Example 1 – non-correlated sub query
SELECT dept.name FROM dept
WHERE dept.id NOT IN
(
SELECT dept_id
FROM emp
WHERE dept_id IS NOT NULL
)
Example 2- outer join
SELECT dept.name FROM dept,emp
WHERE emp.dept_id (+) = dept.id
Example 3 – correlated sub query
SELECT dept.name FROM dept
WHERE NOT EXISTS (SELECT dept_id
FROM emp
WHERE emp.dept_id = dept.id)
The second example is an outer join SQL statement which may produce differnt reults to the other 2 queries as it returns both matching rows and the non-matching rows on one side of the join. In this case the query would return the names of departments which have no employees assigned to them plus the names of those departments that do have employees assigned to them.
The first and the third SQL statements would produce exactly the same results, but the first would probably be slower than the third if the dept_id column in the emp table were indexed (depending on the sizes of the tables).
The first SQL statement can not use any indexes – the where clause of the sub query is just checking for NOT NULL rows – so a full table scan would be performed. Also the sub query would be executed once for each row in the dept table.
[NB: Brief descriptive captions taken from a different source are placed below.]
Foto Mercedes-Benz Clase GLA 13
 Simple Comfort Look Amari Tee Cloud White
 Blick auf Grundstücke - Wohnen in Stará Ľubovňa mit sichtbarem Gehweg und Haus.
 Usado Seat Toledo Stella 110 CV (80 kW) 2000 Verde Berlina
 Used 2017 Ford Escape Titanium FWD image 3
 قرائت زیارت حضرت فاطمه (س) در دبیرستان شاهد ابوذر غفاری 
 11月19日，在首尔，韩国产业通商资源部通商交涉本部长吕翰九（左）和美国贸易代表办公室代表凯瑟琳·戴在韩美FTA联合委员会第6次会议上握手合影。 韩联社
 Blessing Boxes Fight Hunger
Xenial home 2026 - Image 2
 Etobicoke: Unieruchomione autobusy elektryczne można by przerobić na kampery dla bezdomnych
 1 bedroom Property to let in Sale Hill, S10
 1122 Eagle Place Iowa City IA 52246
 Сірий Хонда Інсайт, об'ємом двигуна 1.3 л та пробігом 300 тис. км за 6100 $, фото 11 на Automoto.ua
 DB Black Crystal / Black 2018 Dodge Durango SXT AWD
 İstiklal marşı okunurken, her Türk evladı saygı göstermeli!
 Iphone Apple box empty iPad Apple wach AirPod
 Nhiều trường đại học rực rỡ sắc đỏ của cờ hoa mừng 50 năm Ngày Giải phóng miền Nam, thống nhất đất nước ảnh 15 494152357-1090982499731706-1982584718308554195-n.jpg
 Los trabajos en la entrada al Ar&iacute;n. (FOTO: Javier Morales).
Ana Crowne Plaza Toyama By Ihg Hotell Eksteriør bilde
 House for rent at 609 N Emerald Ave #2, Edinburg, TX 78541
On the other hand, the sub query in the third example can use the index and since only the dept_id is returned by the sub query, there is no need for any subsequent table access. For these reasons, the third query would normally perform better than the first.
As you can see there are nearly always several ways in which the SQL for a query may be written, and it is therefore best to try alternative SQL statements particularly for complex queries before deciding on the preferred one.